Cheese Queen
For the longest time, the concept of Malaysian cheese was foreign to us. Then, Annisa Iwan moved to Malaysia and everything changed.
A huge fan of cheese, she spent five years learning to make cheese through trial and error. She was soon making so much cheese that she started her own brand, Milky Whey, to sell the dairy products.
Annisa makes 25 kinds of cheese almost single-handedly – she used to make over 30 – in her home in Desa Hartamas, Kuala Lumpur. It includes Brie, Camembert, blue cheese, smoked cheese, and specially-crafted cheese like cili padi gouda and Sarawak black pepper-studded goat cheese.
“People always want something new and I’m too happy to oblige because I love experimenting,” she says. Every cheese she makes is delicious and uses either cow’s milk from Perak or goat’s milk from Kelantan.

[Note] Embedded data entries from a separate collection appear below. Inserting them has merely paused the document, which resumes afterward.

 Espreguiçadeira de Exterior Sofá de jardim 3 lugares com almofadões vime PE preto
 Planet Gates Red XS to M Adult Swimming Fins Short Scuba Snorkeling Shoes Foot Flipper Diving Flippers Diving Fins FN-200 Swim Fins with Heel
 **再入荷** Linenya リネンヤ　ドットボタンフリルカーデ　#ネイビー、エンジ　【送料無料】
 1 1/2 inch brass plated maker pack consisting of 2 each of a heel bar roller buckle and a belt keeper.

Annisa’s effect on the Malaysian F&B scene is nothing short of seismic – she supplies her homemade cheeses to major clients like the W Hotel, Alta Cafe, Sitka, Cellar 18 and Casa Latina. She also has regular clients who buy her products from her home.

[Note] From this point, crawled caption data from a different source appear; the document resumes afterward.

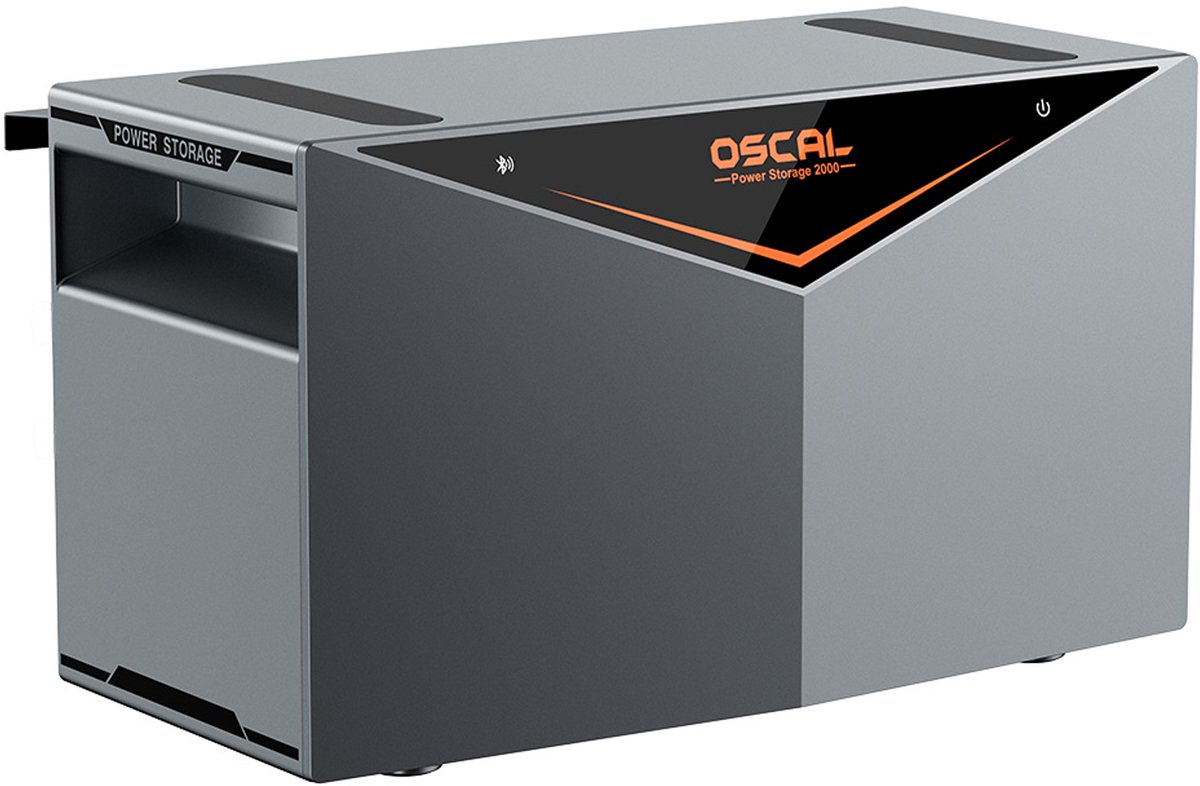 OSCAL Draagbaar Powerstation 1920Wh - 1200W Solar Generator - Thuisbatterij - 2400W Bypass AC Output - Generator voor Thuis, Camping, Noodstroom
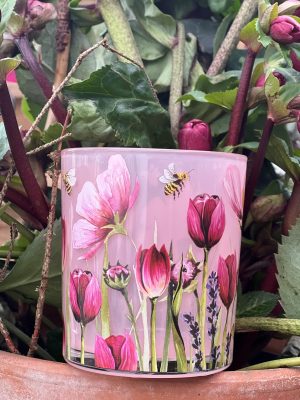 Ljusstake i Glas Med Vackra Blommor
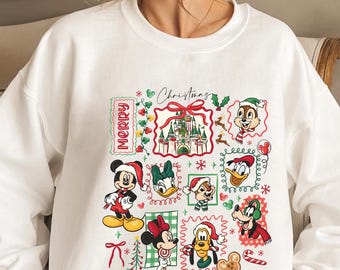 Retro Coquette Bow Disney Castle Christmas Sweatshirt, Magic Kingdom Hoodie, Mickey's Very Merry Christmas Party Top,Family Holiday Matching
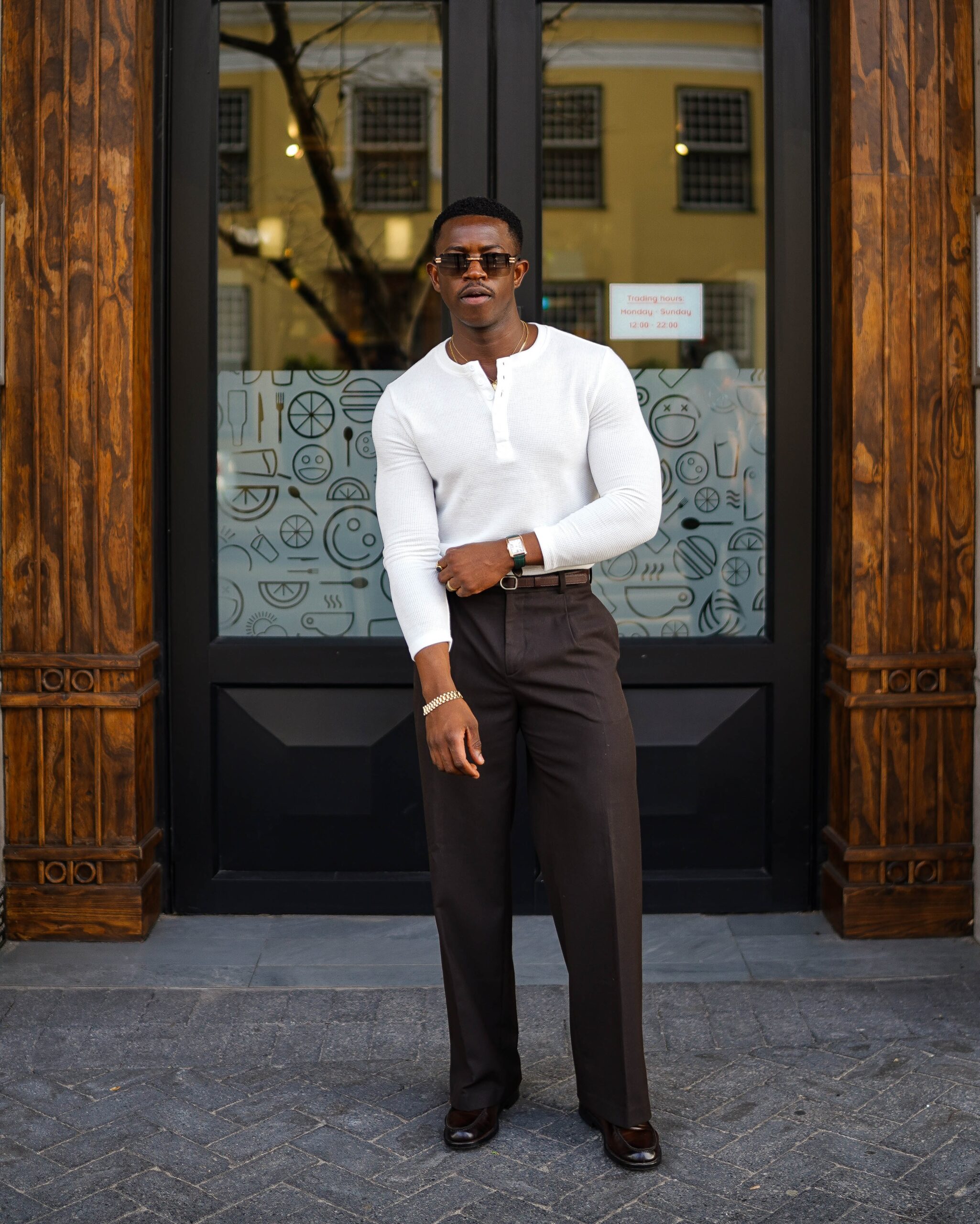 Henley Shirt with Wide-Leg Trousers Henley Shirt with Wide-Leg Trousers — Outfits for Men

To keep up with demand, she has built a new cheese room at home and is shoring up stock, so she can launch an e-commerce component of her business in 2019. By doing something few people thought possible, Annisa has inspired home cooks and chefs to learn cheese-making in Malaysia.
“There are a lot of people who want to make cheese now,” she says. “I feel like it’s becoming a trend because they know now that it’s possible.”
- Annisa Iwan makes up to 25 kinds of cheese, all with milk from local cows.
- Ong Ning-Geng bought a few cocoa farms to control the process of making his chocolates.
Chocolate King
Malaysians are passionate lovers of chocolate from Belgium and Switzerland but Malaysian-made chocolate is never really on local radars – which is something Ong Ning-Geng was looking to change when he launched his bean-to-bar company, Chocolate Concierge.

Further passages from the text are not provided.